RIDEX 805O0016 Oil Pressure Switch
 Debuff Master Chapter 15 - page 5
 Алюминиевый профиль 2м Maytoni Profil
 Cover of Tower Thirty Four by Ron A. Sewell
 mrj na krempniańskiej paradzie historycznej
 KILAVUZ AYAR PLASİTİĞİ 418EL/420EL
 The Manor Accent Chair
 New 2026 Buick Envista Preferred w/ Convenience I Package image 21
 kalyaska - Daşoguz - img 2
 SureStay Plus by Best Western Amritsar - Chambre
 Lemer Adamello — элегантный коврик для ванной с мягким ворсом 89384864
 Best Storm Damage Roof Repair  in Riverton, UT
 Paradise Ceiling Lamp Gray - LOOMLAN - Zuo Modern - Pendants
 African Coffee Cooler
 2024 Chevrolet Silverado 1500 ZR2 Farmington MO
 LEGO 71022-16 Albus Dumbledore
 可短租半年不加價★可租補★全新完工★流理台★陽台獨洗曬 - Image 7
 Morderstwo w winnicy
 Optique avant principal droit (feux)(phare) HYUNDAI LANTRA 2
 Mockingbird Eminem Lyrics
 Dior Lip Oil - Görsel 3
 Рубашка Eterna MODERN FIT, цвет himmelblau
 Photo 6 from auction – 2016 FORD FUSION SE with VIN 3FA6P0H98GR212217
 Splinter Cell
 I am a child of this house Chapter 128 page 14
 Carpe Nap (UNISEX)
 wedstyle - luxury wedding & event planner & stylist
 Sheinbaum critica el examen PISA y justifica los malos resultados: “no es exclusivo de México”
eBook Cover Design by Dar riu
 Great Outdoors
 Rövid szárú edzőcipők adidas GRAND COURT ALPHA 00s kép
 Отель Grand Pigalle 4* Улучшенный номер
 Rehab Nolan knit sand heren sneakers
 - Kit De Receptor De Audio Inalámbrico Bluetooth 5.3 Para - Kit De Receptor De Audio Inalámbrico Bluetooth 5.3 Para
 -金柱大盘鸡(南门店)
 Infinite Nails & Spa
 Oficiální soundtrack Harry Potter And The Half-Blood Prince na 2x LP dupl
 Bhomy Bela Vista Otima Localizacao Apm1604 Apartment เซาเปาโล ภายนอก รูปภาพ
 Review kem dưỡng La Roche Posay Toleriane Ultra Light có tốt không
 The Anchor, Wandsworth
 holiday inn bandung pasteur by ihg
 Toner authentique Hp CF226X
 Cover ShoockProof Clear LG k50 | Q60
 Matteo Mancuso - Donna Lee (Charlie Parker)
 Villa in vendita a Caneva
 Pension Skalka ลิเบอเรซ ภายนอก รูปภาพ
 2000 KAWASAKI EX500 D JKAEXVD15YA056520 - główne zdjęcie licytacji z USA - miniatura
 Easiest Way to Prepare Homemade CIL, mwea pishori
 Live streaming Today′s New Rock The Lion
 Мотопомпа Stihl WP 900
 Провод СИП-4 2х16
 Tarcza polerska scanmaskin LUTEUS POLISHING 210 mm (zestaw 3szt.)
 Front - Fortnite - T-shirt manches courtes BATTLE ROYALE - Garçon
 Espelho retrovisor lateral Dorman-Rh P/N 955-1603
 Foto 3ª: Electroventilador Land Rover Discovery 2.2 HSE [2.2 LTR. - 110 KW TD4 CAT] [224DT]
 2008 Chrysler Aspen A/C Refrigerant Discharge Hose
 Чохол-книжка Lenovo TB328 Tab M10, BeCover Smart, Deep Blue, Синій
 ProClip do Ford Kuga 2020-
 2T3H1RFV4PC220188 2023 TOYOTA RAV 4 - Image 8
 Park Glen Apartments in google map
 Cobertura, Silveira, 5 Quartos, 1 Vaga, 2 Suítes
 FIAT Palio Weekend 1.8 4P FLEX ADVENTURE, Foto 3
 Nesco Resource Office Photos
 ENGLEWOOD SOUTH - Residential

### Exercise instructions:
All lines from the one that holds "Cover ShoockProof Clear LG k50 | Q60" through the end of the material, both ends included, should be restated exactly.

### Task answer:
 Cover ShoockProof Clear LG k50 | Q60
 Matteo Mancuso - Donna Lee (Charlie Parker)
 Villa in vendita a Caneva
 Pension Skalka ลิเบอเรซ ภายนอก รูปภาพ
 2000 KAWASAKI EX500 D JKAEXVD15YA056520 - główne zdjęcie licytacji z USA - miniatura
 Easiest Way to Prepare Homemade CIL, mwea pishori
 Live streaming Today′s New Rock The Lion
 Мотопомпа Stihl WP 900
 Провод СИП-4 2х16
 Tarcza polerska scanmaskin LUTEUS POLISHING 210 mm (zestaw 3szt.)
 Front - Fortnite - T-shirt manches courtes BATTLE ROYALE - Garçon
 Espelho retrovisor lateral Dorman-Rh P/N 955-1603
 Foto 3ª: Electroventilador Land Rover Discovery 2.2 HSE [2.2 LTR. - 110 KW TD4 CAT] [224DT]
 2008 Chrysler Aspen A/C Refrigerant Discharge Hose
 Чохол-книжка Lenovo TB328 Tab M10, BeCover Smart, Deep Blue, Синій
 ProClip do Ford Kuga 2020-
 2T3H1RFV4PC220188 2023 TOYOTA RAV 4 - Image 8
 Park Glen Apartments in google map
 Cobertura, Silveira, 5 Quartos, 1 Vaga, 2 Suítes
 FIAT Palio Weekend 1.8 4P FLEX ADVENTURE, Foto 3
 Nesco Resource Office Photos
 ENGLEWOOD SOUTH - Residential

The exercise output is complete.